Protecting People in Cities: Learning from Haiti
The response to the Haiti earthquake in 2010 was exceedingly complicated and much did not go well. According to ALNAP, over 45 evaluations to date have examined why. The attached report by the Brookings Institution examines one shortcoming in particular - the failure to protect women and children in an urban environment. Haitian cities remain vulnerable to natural disasters - women and children should be at the forefront of prevention and response.
Introduction: Disaster struck Haiti on 12 January 2010 in the form of a 7.0 earthquake which left some 223,000 people dead, 300,000 injured, and 2 million homeless. This 60-second earthquake, occurring in Léogâne, near the capital city, Port-au-Prince, had a particularly devastating impact on the Haitian government, with nearly 30 percent of its civil servants killed, all but one government ministry building destroyed, and basic infrastructure wiped out. The United Nations (UN) experienced its greatest loss of life on a single day ever, when 102 staff members died (Active Learning Network for Accountability and Performance (ALNAP) 2011). By any standards, it was a mega-disaster.
The international community mobilized rapidly and massively to assist Haiti. UN and other international agencies deployed staff quickly, thousands of NGOs rushed to the scene, donor governments and military forces sent personnel and some $3 billion was pledged in relief and recovery efforts. Indeed almost two-thirds of all international funds mobilized for natural disaster response in 2010 went to Haiti (Ferris & Petz 2011). Clusters, the international mechanism for coordinating humanitarian response, were set up, international staff arrived by the hundreds in Port-au-Prince, programs were established and aid poured in.

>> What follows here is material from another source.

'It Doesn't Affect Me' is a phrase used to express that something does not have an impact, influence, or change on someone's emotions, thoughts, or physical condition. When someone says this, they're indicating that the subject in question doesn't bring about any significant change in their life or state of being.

It was a monumental effort and there have been many efforts to evaluate the international humanitarian response to the Haitian earthquake. Indeed, as of February 2011 ALNAP counted 45 evaluations of response to the earthquake (ALNAP 2011). In summarizing the results of these evaluations, ALNAP identified several commonly-identified shortcomings:
1) a ceaseless flow of often-inexperienced small NGOs and in-kind donations;
2) a limited understanding of the context, particularly the urban setting;
3) By-passing of local authorities and civil society groups;
4) insufficient communication with affected populations;
5) lack of attention to how assistance could better support coping strategies; and
6) weak humanitarian leadership structures, including a weak relationship with military.
While the evaluations will undoubtedly continue and lessons will hopefully be learned to guide future humanitarian response, this study looks at one particular issue—protection—with a specific focus on the impact of Haiti’s unprecedented urban emergency on existing tools and definitions of protection. This study is based on field research carried out in Haiti, particularly the involvement of one of the authors as staff of the International Organization for Migration with particular responsibility for Camp Management and Coordination.

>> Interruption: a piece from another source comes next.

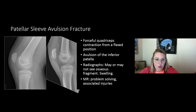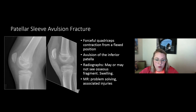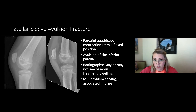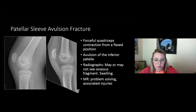At the other end of the patellar tendon, a patellar sleeve avulsion fracture results from forceful contraction avulsing cartilage from the inferior patella — often the avulsed portion is not yet ossified, making radiographs difficult. You may only see soft tissue swelling with the patella riding high. In other cases you can see actual fracture fragments displaced from the patella, thickening of the patellar tendon, and joint effusion. MRI can be used for problem solving and associated injuries but is often not clinically needed.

It is important to underline that the failure of protection in Haiti was largely due to the inability of the Haitian government to redress a chaotic and difficult reality. It is unlikely that international actors, even if the system had worked perfectly, would have been able to fully protect Haitians in this environment. The international actors managed to provide basic services and relief items and were at least moderately successful in staving off the worst effects of a cholera epidemic and hurricanes, but they were unable to provide physical safety to Haitians—arguably the most basic of human rights.

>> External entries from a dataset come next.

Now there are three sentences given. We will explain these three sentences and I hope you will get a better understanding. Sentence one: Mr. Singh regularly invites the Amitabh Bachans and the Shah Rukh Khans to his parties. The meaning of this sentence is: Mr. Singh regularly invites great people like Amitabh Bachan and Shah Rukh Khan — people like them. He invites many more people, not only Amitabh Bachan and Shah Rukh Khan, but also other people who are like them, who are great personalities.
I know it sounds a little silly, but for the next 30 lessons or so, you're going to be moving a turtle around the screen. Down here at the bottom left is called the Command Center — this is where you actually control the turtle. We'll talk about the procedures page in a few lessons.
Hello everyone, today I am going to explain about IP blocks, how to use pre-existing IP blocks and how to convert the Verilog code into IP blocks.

The paper argues that there were two principal reasons for this failure:
1) The definition of protection as used in Haiti was simply too broad. International actors spent far too much time trying to define what protection was and the definition that emerged—full respect for all human rights—was not helpful in setting priorities in an urban setting characterized by immense need. Consequently, the clusters working on protection issues defined their tasks and priorities differently and ultimately were not effective in protecting the majority of Haitians.
2) The standard international protection tools which have developed over the past five to ten years simply did not work in Haiti. While there were many Haitians in need of protection following the earthquake, this study only examines protection in camps and settlements. Protection of other groups, such as orphans and detainees, was reportedly carried out more successfully than for those living in settlements and camps, but that issue lies beyond the scope of this study.